I have been looking for streaming solutions and laptops for several months and was about to purchase a ROKU XD/S but I don't think I will now. So to get to the point... I'm wondering if anyone with a HTPC has ever had any issues with speakers and hard drives? I'm sure my speakers are well shielded, but still... The most convenient spot to place the laptop is on the sub, I don't think thats a good idea just because of the vibration. Second would be the floor but with the carpet I'd be concerned with the laptop overheating. 
I'm interested in hearing about others' experiences along these lines. Anyone ever loose a HD due to the magnets? Or suspect issues due to the speakers?


----------



## mechman (Feb 8, 2007)

If it were me Mark, I'd find some sort of shelf type solution to put the Macbook on. Mainly for the issues that you've raised.


----------



## gorb (Sep 5, 2010)

I've never had a drive damaged by a speaker or a sub, but I've also never put a laptop or a drive on one. I'd definitely recommend getting some sort of shelf like mechman said.


----------



## Infrasonic (Sep 28, 2010)

A friend of mine thinks he wiped his HD by placing his PC (tower) right next to his large woofer. He ended up having to get a new HD. Magnets + vibration = bad!


----------



## sTechnical (Mar 15, 2011)

Im a complete newbie when it comes to these things, I really dont need the av reciever as the HTPC itself will control the sound via the x-fi xtreme music surely?
So would the sound quality be far superior on the logitech z5500 via the 3 analogue cables to the soundcard.
Ive heard that the optical out to a home theater system does'nt always give true 5.1 and can cause problems.
thanks......


----------



## nova (Apr 30, 2006)

Not sure. I have had several computers with S/PDIF and/or optical outputs. I have never been able to discern a difference between the two nor have I ever had issues with 5.1 from these computers.


----------



## Infrasonic (Sep 28, 2010)

sTechnical, you could use the optical out from the sound card to the z5500 and you should not have any problems. You could use your computer as the 'receiver' as long as you don't run out of inputs or need to connect speakers via regular speaker wire. Good luck!


----------



## peterselby7 (Nov 29, 2008)

nova said:


> Not sure. I have had several computers with S/PDIF and/or optical outputs. I have never been able to discern a difference between the two nor have I ever had issues with 5.1 from these computers.

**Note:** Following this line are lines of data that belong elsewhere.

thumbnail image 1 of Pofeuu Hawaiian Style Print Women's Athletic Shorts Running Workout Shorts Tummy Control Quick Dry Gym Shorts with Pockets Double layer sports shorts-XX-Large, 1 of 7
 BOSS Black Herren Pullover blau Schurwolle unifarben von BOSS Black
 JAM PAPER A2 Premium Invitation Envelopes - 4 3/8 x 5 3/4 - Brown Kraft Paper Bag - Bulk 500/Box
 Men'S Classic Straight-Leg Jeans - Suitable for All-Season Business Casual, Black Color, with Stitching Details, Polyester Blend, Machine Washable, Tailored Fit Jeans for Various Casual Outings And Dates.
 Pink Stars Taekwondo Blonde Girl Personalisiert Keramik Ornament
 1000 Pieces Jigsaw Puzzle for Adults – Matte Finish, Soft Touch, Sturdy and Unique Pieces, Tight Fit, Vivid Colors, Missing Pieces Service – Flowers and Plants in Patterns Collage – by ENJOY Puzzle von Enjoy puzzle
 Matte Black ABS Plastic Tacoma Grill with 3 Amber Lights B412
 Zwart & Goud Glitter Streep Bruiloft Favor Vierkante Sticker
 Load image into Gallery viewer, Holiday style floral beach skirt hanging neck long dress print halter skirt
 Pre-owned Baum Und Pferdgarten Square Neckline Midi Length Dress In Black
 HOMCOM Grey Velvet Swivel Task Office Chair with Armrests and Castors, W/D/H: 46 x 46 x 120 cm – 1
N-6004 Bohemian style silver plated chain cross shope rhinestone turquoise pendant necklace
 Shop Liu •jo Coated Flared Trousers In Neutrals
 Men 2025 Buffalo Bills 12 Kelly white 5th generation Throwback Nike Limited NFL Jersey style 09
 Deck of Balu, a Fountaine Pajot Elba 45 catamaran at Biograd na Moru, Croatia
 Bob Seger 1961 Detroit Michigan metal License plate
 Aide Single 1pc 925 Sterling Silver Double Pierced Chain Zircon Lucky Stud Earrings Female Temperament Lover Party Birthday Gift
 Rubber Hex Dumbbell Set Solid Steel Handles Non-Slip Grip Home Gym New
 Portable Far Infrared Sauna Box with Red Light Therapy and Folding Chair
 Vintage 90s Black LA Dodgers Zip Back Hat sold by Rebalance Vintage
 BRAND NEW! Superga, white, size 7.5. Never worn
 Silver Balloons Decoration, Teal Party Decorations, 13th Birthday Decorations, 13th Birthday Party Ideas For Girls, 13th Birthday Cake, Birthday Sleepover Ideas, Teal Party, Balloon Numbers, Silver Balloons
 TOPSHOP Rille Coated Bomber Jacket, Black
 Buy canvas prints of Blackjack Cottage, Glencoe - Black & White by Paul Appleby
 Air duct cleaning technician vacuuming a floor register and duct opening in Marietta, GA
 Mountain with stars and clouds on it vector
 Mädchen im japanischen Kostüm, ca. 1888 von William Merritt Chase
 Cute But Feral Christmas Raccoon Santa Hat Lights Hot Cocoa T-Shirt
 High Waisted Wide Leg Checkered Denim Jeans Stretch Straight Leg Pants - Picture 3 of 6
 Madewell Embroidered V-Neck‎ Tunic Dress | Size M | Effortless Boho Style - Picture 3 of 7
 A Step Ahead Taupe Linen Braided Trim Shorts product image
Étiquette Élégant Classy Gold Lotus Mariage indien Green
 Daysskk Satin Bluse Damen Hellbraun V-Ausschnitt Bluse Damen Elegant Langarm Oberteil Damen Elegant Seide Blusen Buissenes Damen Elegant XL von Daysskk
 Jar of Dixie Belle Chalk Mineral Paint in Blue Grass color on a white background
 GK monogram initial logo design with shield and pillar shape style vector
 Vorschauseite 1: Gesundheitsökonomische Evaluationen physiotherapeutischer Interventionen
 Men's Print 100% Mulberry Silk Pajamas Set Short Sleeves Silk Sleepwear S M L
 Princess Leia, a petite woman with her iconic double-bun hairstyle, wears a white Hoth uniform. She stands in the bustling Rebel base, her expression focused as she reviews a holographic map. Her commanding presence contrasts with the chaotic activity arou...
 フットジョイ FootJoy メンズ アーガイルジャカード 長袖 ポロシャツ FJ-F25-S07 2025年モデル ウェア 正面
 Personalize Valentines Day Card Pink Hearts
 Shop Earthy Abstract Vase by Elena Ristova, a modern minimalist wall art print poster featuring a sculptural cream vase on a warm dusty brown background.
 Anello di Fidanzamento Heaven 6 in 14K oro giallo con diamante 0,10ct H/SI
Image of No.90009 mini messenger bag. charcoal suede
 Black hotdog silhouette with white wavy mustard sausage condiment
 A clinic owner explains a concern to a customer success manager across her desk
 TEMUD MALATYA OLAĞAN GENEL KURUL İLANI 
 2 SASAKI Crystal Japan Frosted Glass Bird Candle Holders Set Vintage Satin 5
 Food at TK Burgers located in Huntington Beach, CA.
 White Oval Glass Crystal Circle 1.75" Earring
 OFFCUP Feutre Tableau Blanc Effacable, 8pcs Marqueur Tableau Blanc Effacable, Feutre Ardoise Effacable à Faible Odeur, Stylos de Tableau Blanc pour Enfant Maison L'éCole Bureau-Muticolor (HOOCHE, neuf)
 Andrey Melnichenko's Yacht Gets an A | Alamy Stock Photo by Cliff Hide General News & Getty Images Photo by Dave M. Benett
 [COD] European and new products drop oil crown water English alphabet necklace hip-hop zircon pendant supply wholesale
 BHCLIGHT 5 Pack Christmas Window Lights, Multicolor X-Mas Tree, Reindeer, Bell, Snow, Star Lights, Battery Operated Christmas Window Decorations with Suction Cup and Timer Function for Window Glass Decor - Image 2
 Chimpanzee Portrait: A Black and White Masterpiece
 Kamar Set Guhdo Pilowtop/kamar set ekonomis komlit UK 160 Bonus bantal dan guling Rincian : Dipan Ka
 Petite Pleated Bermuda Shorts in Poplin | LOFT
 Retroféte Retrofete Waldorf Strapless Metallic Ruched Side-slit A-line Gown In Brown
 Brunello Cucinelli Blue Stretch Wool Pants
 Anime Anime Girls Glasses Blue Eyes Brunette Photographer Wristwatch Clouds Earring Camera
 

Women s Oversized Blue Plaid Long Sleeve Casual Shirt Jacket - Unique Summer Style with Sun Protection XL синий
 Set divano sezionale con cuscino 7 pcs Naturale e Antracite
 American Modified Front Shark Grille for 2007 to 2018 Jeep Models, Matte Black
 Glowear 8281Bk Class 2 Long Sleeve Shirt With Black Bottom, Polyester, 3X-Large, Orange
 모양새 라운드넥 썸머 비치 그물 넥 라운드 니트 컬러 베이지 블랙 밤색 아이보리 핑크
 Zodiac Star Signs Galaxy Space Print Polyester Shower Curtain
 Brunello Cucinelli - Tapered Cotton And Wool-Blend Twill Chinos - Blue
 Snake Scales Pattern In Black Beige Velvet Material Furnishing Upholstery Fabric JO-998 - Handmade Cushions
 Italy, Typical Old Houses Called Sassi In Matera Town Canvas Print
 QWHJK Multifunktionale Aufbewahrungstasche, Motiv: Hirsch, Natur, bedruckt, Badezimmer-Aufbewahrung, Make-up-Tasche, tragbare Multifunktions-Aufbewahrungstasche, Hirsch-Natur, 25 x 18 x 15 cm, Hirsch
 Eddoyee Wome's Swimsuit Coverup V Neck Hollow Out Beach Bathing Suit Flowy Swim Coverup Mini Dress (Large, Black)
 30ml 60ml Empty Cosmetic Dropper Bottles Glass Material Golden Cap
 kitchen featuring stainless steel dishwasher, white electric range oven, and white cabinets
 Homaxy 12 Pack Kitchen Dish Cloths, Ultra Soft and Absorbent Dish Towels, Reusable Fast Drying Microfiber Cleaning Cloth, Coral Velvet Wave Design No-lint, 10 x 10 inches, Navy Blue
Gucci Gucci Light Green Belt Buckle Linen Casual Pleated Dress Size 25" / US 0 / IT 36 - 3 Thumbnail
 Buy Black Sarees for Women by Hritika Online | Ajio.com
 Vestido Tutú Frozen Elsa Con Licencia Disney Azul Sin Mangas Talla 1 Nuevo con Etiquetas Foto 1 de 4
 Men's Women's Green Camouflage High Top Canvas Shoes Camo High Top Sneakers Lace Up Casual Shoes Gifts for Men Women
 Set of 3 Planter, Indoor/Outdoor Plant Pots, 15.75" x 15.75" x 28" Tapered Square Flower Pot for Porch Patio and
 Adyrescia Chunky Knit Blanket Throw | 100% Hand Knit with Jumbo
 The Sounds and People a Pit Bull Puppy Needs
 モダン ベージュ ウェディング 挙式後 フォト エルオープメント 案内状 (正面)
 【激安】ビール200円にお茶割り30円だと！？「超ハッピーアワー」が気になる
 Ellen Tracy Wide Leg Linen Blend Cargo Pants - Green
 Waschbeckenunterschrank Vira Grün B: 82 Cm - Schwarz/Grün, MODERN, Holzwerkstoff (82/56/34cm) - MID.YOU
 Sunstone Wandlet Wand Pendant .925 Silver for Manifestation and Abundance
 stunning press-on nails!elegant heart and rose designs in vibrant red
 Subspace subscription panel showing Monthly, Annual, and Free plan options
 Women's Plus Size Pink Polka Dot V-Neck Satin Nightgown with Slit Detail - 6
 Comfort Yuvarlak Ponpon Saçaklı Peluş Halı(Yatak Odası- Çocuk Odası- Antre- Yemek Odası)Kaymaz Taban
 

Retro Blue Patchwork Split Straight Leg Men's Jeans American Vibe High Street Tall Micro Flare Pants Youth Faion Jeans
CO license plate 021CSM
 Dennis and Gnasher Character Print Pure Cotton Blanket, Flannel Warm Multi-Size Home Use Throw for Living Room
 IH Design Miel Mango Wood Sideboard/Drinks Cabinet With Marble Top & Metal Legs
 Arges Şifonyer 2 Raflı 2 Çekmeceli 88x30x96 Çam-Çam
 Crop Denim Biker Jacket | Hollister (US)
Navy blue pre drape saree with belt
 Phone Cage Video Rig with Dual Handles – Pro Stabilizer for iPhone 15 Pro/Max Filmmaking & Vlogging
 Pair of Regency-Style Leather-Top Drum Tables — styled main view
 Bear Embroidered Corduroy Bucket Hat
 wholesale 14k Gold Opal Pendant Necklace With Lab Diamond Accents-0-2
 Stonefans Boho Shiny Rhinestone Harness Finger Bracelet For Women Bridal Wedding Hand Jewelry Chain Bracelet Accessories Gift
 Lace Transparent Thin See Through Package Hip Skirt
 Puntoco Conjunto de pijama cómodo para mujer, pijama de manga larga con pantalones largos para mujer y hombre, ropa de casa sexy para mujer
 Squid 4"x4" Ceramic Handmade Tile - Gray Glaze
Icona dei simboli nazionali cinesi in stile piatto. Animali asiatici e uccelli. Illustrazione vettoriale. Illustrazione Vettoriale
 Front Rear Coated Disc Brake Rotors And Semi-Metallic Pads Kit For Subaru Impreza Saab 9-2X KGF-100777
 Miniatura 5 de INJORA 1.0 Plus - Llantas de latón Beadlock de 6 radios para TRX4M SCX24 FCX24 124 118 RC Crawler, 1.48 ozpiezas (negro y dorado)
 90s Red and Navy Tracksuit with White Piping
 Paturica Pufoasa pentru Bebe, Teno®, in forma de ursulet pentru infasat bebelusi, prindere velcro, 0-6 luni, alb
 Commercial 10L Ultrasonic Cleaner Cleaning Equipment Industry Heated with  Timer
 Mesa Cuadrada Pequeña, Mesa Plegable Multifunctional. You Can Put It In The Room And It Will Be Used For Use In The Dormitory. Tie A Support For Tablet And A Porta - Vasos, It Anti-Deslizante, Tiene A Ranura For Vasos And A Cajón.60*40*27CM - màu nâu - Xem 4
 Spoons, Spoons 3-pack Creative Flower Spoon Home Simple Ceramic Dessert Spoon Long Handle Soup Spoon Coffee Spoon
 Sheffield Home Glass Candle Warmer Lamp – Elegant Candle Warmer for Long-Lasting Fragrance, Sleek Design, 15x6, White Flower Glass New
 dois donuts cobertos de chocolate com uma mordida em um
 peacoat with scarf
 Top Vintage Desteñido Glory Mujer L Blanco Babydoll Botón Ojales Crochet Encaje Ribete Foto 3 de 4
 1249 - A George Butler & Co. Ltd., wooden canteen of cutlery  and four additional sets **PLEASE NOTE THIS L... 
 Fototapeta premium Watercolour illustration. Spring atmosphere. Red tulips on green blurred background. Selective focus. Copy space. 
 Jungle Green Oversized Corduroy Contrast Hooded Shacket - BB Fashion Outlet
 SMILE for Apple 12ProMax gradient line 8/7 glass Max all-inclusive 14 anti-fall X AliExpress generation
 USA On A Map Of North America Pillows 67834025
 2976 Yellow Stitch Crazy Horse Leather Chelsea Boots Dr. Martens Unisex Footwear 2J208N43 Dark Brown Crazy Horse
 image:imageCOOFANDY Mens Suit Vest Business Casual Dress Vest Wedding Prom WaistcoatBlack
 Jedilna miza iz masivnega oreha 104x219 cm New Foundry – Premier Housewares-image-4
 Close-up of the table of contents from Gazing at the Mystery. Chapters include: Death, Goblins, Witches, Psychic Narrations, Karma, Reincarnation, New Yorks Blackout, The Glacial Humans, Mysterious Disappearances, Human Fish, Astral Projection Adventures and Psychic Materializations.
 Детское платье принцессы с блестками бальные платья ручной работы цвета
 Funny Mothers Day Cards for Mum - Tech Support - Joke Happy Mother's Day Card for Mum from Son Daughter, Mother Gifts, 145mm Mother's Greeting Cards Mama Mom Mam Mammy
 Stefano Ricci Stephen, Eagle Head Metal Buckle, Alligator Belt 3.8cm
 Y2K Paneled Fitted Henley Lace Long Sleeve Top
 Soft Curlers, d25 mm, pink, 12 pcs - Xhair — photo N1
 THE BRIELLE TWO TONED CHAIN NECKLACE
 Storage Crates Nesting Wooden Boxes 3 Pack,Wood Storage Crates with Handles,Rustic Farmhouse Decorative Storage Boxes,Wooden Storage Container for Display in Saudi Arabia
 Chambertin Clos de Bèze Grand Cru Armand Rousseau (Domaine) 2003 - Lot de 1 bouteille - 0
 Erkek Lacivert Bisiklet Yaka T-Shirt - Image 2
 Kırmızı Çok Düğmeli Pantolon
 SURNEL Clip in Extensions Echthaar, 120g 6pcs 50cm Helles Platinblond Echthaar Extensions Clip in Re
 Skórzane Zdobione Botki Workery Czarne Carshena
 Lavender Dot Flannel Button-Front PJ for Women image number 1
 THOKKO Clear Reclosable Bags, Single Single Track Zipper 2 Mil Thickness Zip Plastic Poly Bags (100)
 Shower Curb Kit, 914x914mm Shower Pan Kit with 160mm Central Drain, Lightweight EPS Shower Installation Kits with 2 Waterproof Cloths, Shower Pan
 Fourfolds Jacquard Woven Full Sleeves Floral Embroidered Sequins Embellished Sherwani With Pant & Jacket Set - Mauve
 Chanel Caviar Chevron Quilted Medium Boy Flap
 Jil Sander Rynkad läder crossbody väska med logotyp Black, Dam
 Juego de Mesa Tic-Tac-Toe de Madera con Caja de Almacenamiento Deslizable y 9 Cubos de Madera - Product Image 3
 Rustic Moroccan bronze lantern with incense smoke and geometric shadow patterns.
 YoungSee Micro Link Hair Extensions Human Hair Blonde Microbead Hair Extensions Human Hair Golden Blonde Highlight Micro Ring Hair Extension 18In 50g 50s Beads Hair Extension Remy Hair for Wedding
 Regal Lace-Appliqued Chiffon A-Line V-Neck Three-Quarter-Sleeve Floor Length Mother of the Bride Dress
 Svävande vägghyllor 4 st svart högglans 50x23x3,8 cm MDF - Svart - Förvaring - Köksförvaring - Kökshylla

Using the optical cable has the advantage of helping to keep ground loops out of your home theater gear. That is if you have the HTPC on a separate circuit. I use three circuits on my home theater. One for the HTPC, one for the amplifiers, and one for pre-amps and source equipment. 

Overboard yes, but I don't have to worry about my amps causing a circuit to pop and shutting down my PC either.


----------